Allocators of the Linux Kernel

Posted on 2021-01-22

tl;dr

Get an insight into the workings of the different alloctors implemented in the linux kernel.
Venture a little into the source code.

The Slob Allocator

Simple List of Blocks allocator is one of the three main allocators in the linux kernel. It is mostly used in embedded systems where memory is expensive. It works using the first fit algorithm and hence leads to fragmentation.

The Slab Allocator

It fixes the shortcomings of the slob allocator

The basic idea behind the slab allocator is to have caches of commonly used objects kept in an initialized state ready for use by the kernel. So why this object based allocation one may ask?

Without an object based allocator , the kernel will spend more time in allocation , initializing and freeing the same object. {: .notice}

The slab allocator consists of a variable number of caches that are linked together on a circular doubly linked list called cache chain. Each cache maintains blocks of contiguous pages in memory called slabs.

Principles of Slab allocator

The allocation of small blocks of memory to help eliminate internal fragmentation.
Caching of commonly used objects so that the kernel doesnt waste time.
Better utilization of hardware cache by aligning objects to the L1 or L2 caches.

In a general sense , the slab allocator in sits on top of a bump allocator called buddy allocator and makes sure that commonly used objects are cached.

The slab allocator provides Dedicated and generic cache classes. The separation between cache classes can be seen in a proc file called /proc/slabinfo.

Interfaces of kernel memory allocation

kmalloc is the general interface the kernel provides to do generic allocations through slab allocator. There are also others like kzalloc (similar to glibc calloc) and krealloc.

How does a heap chunk look like in the kernel?

With the slab allocator , kmalloc'd chunks dont have any metadata like headers for size in glibc. The free chunks obviously are stored in a single linked list.

A slab allocator interface like kmalloc searches the right kmem_cache structure that serves a given size of allocation.

A little exploration of the source code

For sizes less than or equal to 192, kmalloc maintains immediate caches of sizes of range 8 to 192.

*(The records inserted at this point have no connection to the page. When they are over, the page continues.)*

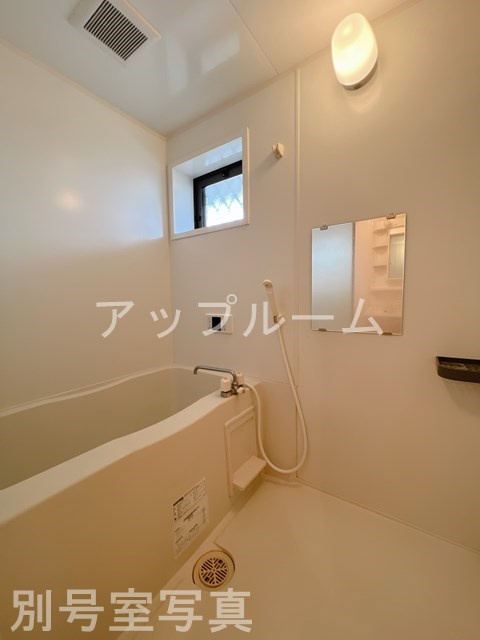 ハーブ神領の浴室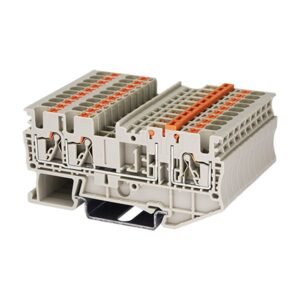 DP2.5N-TN-TG DIN Rail Terminal Blocks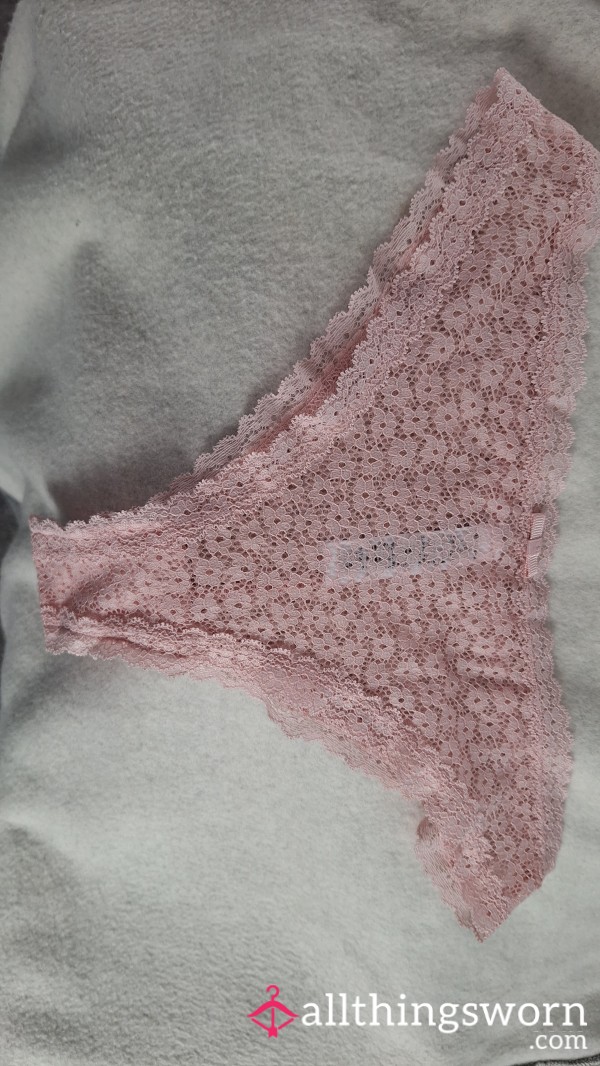 Worn Panties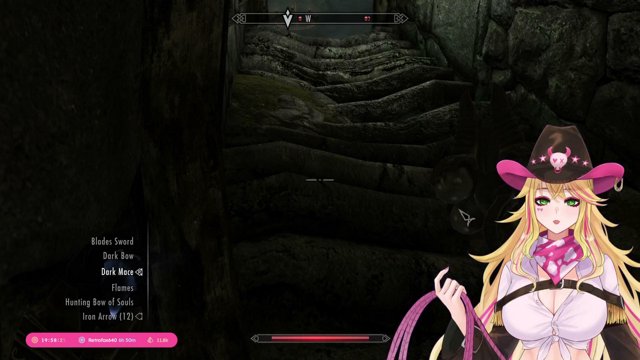 10 Hours of Skyrim! Dagoth Ur Loves Femboys...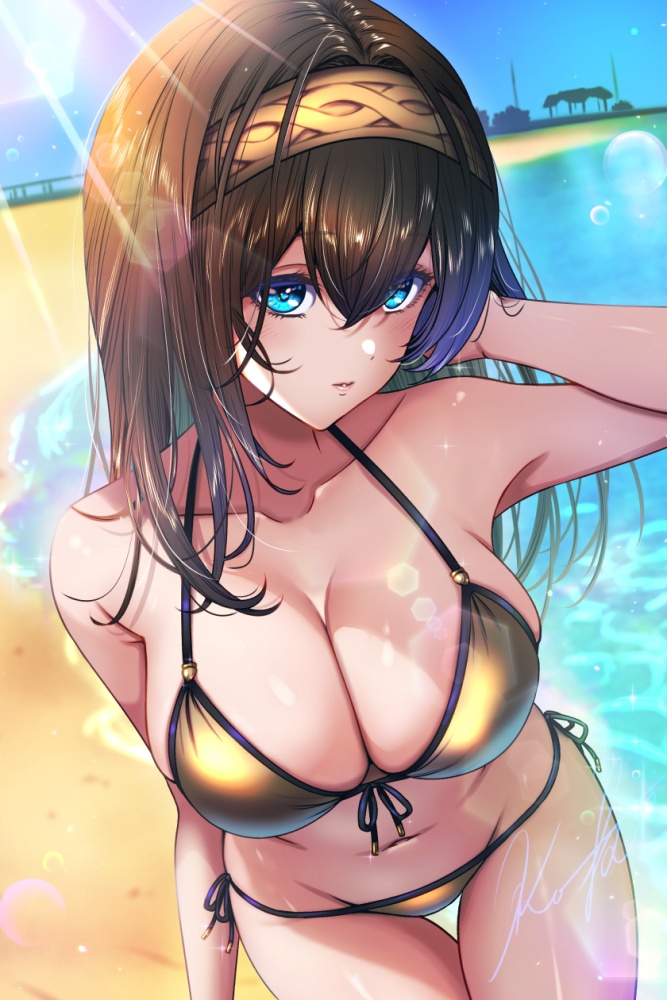 ビキニのエロ画像がほしい！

static __always_inline void *__do_kmalloc(size_t size, gfp_t flags,
					  unsigned long caller)
{
	struct kmem_cache *cachep;
	void *ret;

	if (unlikely(size > KMALLOC_MAX_CACHE_SIZE))
		return NULL;
	cachep = kmalloc_slab(size, flags);
	if (unlikely(ZERO_OR_NULL_PTR(cachep)))
		return cachep;
	ret = slab_alloc(cachep, flags, caller);

	ret = kasan_kmalloc(cachep, ret, size, flags);
	trace_kmalloc(caller, ret,
		      size, cachep->size, flags);

	return ret;
}

The call to kmalloc_slab is demonstrated.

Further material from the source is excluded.